Il y a quelques années déjà, au moment où on comprenait qu’il nous faudrait vivre avec les peintures de Christophe Grimpard, que leur présence serait suffisamment forte, entêtante pour qu’on soit tenu de ne plus les effleurer d’un simple regard distrait, je lui avais dit que « j’aimais bien cette peinture malpolie ». Je ne sais plus vraiment pourquoi j’avais dit ça mais je sais que Christophe avait été amusé qu’on puisse parler comme ça de sa peinture.

La retrouvant aujourd’hui, je ne suis pas bien sûr que le qualificatif soit absolument pertinent.

Et pourtant, de prime abord …

« Malpolie » parce que sans concession, peu soucieuse de ce qu’on en pensera, de ce qui sera dit, ne s’encombrant jamais de ce genre de considérations, juste attentive à l’effet immédiatement provoqué et auquel il nous faut déjà répondre. En attendant d’y revenir, d’y repenser différemment, de l’envisager et la découvrir autrement, plus tard.

« Malpolie » parce qu’apparemment brute, brutale, le geste franc, net, affirmé. Et pourtant d’une infinie délicatesse quand on s’y attarde un peu et considère ces images dans le temps.

« Malpolie » jusque dans la palette apparente : une fidélité à des couleurs revêches, de celles que souvent on écarte, des couleurs mal aimables qu’on recouvre, qu’on dissimule : jaunes rabattus, verts dilués, roses indéfinis, bruns  tâchés, des couleurs au rebut, ici rachetées, et qui révèlent à l’arrivée, des harmonies inattendues, denses, profondes.

C’est, repensant à ce caractère apparent, contredit, à ce qualificatif, que je perçois mieux aujourd’hui ce qui m’attache tant à ce travail, et finit par avoir raison des contradictions premières.

Impression première :

D’abord, tout se passe comme si la toile présentait une image, une seule, incroyablement composite, pleine de fracas, d’effacements, d’amputations : un chaos.

Pourtant à la fois, ou petit à petit, le sentiment d’une très grande douceur, sentiment de cette délicatesse justement.

Et la découverte dans le temps, que les motifs reconnus sur la toile, seraient davantage trace d’une pensée, histoire d’une humeur, d’un état, que la simple représentation d’une seule image -collage-.

Il serait plus juste d’ailleurs, de parler de visions.

Et ce qui les inspire apparaît, impose sa présence, revient avec insistance.
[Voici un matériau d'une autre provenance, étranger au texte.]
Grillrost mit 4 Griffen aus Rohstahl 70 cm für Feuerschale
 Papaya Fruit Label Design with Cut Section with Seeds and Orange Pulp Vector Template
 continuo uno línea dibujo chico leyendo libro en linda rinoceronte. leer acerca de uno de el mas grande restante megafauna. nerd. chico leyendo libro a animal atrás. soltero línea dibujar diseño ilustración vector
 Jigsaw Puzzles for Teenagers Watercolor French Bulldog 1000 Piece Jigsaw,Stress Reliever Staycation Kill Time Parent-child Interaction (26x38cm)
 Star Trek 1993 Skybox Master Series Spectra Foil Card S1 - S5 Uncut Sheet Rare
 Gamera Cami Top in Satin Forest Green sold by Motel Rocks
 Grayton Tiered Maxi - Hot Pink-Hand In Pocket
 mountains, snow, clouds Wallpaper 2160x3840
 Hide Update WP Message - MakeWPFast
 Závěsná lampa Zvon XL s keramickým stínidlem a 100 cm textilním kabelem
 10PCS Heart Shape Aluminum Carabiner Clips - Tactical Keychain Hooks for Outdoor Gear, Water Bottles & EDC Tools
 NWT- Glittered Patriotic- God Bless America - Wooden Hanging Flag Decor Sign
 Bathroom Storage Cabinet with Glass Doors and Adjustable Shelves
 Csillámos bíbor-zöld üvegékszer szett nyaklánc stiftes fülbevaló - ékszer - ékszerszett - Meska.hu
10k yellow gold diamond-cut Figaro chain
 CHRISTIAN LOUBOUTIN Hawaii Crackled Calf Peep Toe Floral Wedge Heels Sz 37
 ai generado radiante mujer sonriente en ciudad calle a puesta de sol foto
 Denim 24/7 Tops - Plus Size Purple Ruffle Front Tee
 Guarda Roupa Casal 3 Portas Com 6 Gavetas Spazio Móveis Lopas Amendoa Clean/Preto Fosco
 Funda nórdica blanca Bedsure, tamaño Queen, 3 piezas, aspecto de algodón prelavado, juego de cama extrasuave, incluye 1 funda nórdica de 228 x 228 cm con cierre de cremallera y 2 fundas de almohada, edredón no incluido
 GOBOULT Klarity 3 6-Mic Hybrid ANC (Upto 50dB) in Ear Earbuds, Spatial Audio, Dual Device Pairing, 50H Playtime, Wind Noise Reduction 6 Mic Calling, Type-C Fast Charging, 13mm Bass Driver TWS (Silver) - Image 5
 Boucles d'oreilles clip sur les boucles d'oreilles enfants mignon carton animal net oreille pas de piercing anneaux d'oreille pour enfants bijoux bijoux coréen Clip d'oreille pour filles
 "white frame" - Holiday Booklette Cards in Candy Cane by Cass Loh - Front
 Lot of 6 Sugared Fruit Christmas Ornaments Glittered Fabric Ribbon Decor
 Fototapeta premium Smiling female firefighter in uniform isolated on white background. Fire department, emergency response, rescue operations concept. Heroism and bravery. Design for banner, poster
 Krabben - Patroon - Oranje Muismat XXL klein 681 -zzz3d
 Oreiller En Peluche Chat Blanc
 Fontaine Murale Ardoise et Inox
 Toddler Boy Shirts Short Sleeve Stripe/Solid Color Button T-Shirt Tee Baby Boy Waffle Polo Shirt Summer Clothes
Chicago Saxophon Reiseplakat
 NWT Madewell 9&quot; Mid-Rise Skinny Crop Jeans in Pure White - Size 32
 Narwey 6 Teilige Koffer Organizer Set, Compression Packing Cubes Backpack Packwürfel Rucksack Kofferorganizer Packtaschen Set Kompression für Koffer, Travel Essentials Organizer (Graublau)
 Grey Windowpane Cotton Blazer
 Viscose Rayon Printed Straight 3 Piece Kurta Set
Puis se métamorphose, évolue d’une toile à l’autre, raconte aussi une autre histoire . Le geste du peintre prend le relais de ce que la tête vient d’apercevoir : l’image est à peine apparue, elle est déjà détournée, entraînée sur une autre pente, elle est ailleurs. Et la toile devient le lieu, la trace, le théâtre de tout ce processus.

L’espace peint se creuse, les premiers fragments représentés, dessinés, sont recouverts par de nouveaux, sans disparaître jamais. Tous, les uns après les autres, au fil de la pensée, des visions qui passent entre les poils du pinceau ; ou de ces autres représentations que ce geste même appelle ; tous habitent la toile, rien n’est effacé, tous vivent le même temps, le même espace, dans le creux de la toile.

En ce sens, si elles ne prétendent peut-être pas raconter une histoire, ces toiles savent se nourrir d’histoires multiples, ingérer celles que nous-mêmes apportons, celles que livre aussi notre regard.

Et puis il y a une drôlerie, une ironie parfois dans cette tambouille qui altère ou détourne les images premières. Et le regard amusé du peintre lui-même, face à ce qu’il est en train de faire, à ce qui lui arrive, laisse aussi, sur la toile son empreinte.

Alors ces peintures, qui se répondent les unes aux autres, donnent à voir ensemble un cheminement, plus qu’un accomplissement.

Des mondes parallèles vivent au même rythme, selon la même pulsation, tranquillement un quotidien foisonnant, généreux, en définitive apaisé, et qui nous rappelle ce que nous avons été, et oublions de devenir.